> [Data records]:
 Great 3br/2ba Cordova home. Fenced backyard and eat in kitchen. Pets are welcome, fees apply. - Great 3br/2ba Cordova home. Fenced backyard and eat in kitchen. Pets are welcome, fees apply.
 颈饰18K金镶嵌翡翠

--

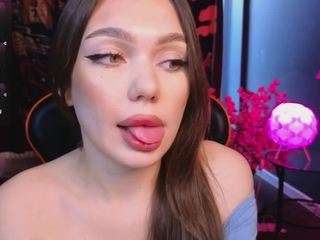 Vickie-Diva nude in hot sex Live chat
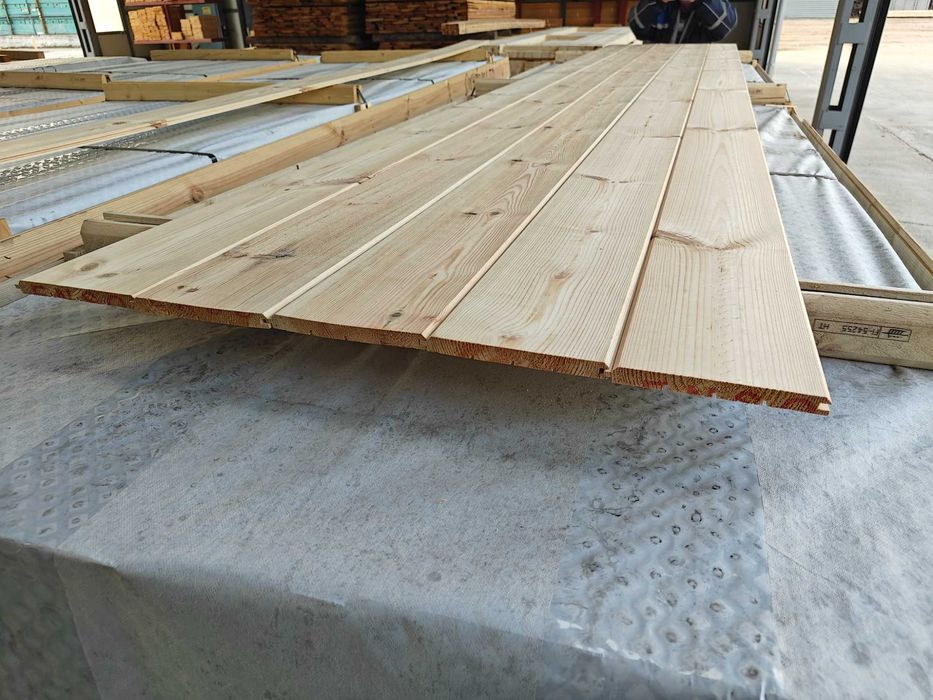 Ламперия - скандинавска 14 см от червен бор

==

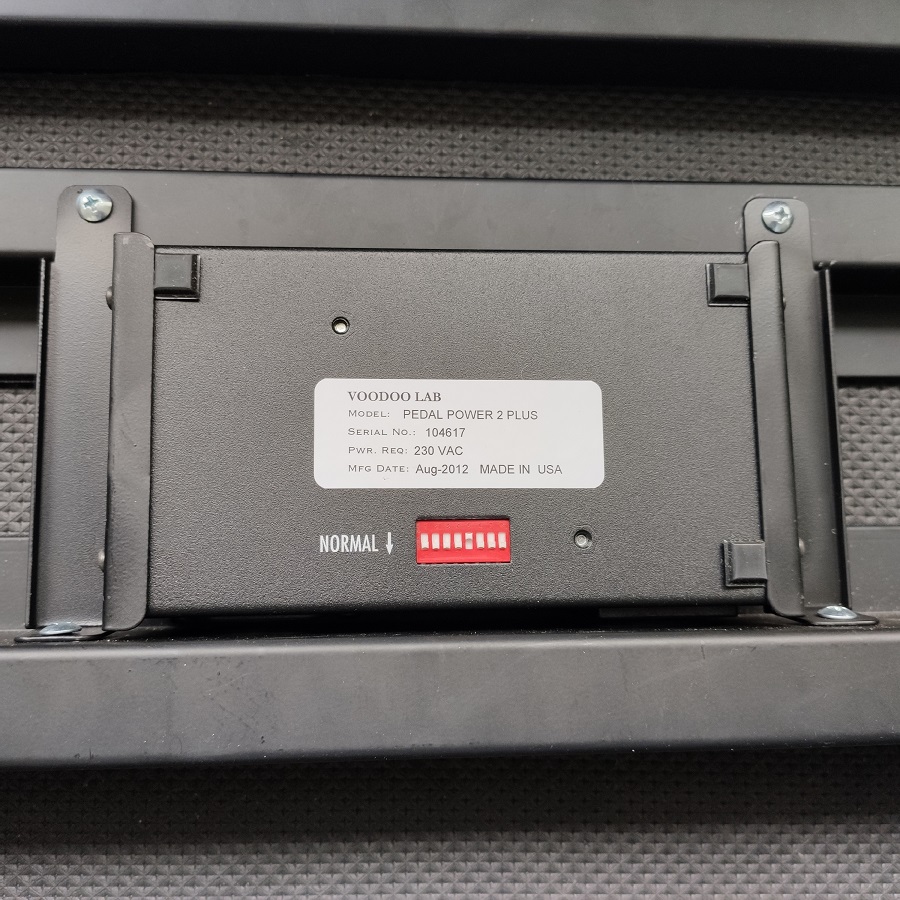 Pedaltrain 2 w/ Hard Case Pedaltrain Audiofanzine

> [The task]: Starting at the line containing "Vickie-Diva nude in hot sex Live chat" and finishing at the line containing "Ламперия - скандинавска 14 см от червен бор", return those lines exactly as they appear above, without the pictures.

> [Solved problem]:
 Vickie-Diva nude in hot sex Live chat
 Ламперия - скандинавска 14 см от червен бор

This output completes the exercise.